START Supplied information

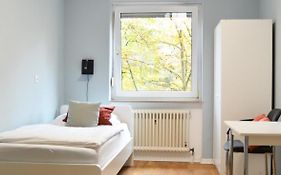 1, 2, Sleep Hostel Nuernberg Messe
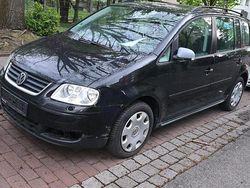 Schwarz Gebraucht 2006 VW Touran Van / Kleinbus | 1.700 € (Superpreis)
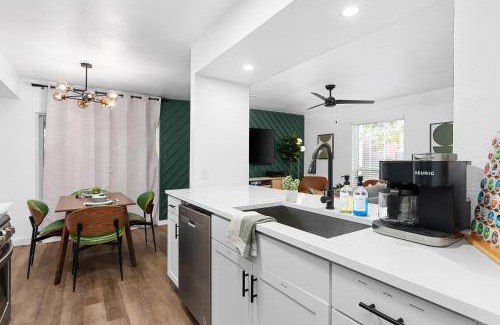 South Lamar Apartment | 158 m² Apartment ∙ 2 bedrooms ∙ 16 guests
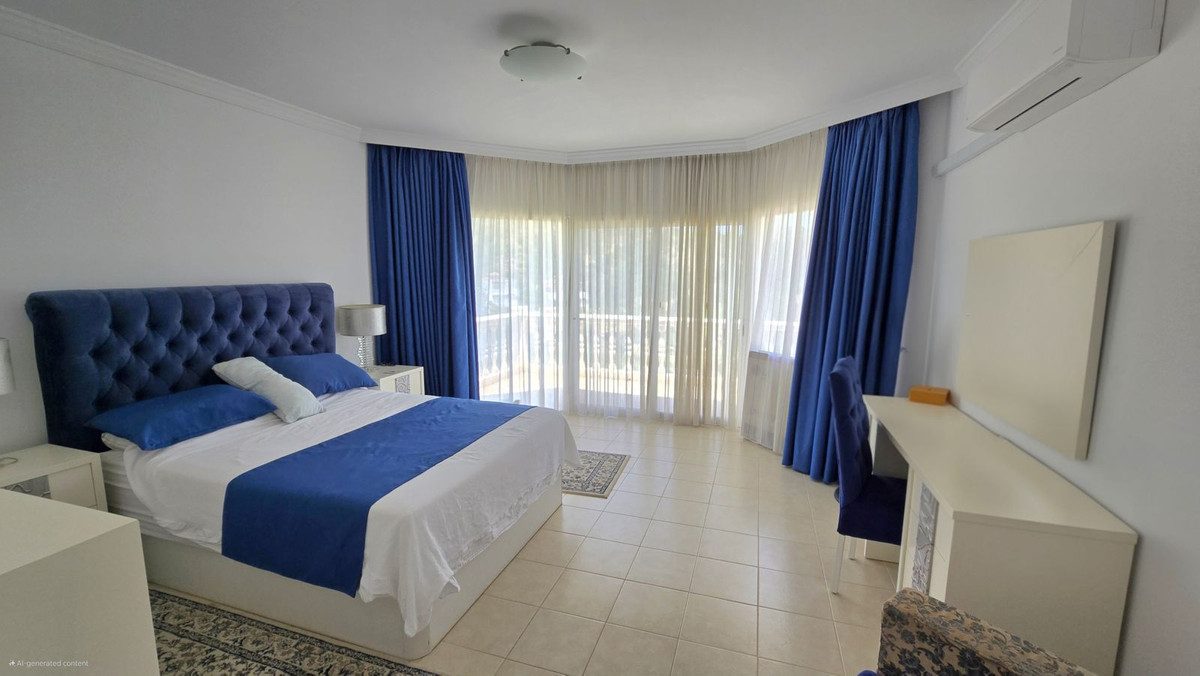 Detached Villa in Mijas, Costa del Sol – 4 beds – 1249000 € - photo 27 of 46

END Supplied information

Every line from the one with "Schwarz Gebraucht 2006" through the end of the material above should be restated word for word, with the pictures left out.

■ **The answer**:
 Schwarz Gebraucht 2006 VW Touran Van / Kleinbus | 1.700 € (Superpreis)
 South Lamar Apartment | 158 m² Apartment ∙ 2 bedrooms ∙ 16 guests
 Detached Villa in Mijas, Costa del Sol – 4 beds – 1249000 € - photo 27 of 46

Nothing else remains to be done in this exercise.